Tibetan exiles celebrate Dalai Lama's 74th birthday, Karmapa attends ceremony in Dharamsala
Tibetans living in exile in Dharamsala celebrated the 74th birthday of Buddhist spiritual leader Dalai Lama today. 6 July
Tibetans living in exile in Dharamsala celebrated the 74th birthday of Buddhist spiritual leader Dalai Lama today.
Born in 1935 in Tibet, Lhamo Thondup was recognized as the reincarnation of 13th Dalai Lama, at the age of 2.
Scores of Tibetans gathered at main Buddhist temple, Tsugalgkhang and prayed for the long life and health of their leader.
He (Dalai Lama) himself is in Delhi to attend another meeting where former President of India Mr. Kalam is the chief guest. Here, it is the official celebration of the Tibetan government in exile, and six parliamentarians from Australia are also here as chief guest," said Lobsang Wangyal, a Tibetan youth.

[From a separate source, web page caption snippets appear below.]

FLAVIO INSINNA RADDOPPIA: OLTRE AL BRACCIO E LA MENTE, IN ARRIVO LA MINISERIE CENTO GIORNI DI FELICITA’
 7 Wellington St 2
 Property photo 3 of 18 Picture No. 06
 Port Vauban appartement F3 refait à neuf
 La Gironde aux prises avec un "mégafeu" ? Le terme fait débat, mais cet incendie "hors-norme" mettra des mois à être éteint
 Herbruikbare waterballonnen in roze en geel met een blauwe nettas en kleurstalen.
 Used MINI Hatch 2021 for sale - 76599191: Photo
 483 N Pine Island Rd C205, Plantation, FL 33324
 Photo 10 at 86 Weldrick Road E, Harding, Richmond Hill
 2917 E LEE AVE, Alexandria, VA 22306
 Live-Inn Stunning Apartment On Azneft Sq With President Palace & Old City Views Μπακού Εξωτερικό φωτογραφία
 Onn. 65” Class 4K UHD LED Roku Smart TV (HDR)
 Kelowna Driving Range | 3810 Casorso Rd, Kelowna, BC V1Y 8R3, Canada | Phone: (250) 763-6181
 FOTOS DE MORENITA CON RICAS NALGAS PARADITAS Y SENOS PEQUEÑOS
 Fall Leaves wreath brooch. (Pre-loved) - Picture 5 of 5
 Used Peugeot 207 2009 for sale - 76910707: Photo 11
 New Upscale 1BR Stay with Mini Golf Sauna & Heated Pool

The Central Tibetan Administration organized the function.
Hoping to celebrate Dalai Lama's birthday in Lhasa one day, thousands of Buddhist monks, nuns and exiled government officials took part in the celebrations.
"All our effort is based on this firm conviction and hope that we will return to Tibet in circumstances which satisfy the majority of Tibetan people and will celebrate both our Losar and his Holiness' next birthday in Lhasa," said Thubten Samphel, Spokesperson Of The Government-In-Exile.
The Dalai Lama was brought to Lhasa in October 1939, and formally installed the head of the state of Tibet on February 22, 1940.
"Visiting Australian parliamentarians also participated in various religious and cultural functions," Taklha added.
A delegation of six Australian parliamentarians comprising Labour MPs Michael Danby and Melissa Parke, Liberal MP Peter Slipper, independent senator Nick Xenophon, and Greens Senators Scott Ludlam and Sarah Hanson-Young are on a week-long visit here.
However, the Tibetan temporal head did not attend the functions here.
"The Dalai Lama was in New Delhi to attend the birthday celebrations organized by the Himalayan Buddhist Cultural Association and the All Buddhist Organization of Himalayan Region," Taklha said. Last year, the Nobel laureate's birthday celebrations were largely subdued due to unrest in Tibet.
About 134,000 Tibetans live in exile, the vast majority in India or Nepal, and of them less than half were born in their homeland.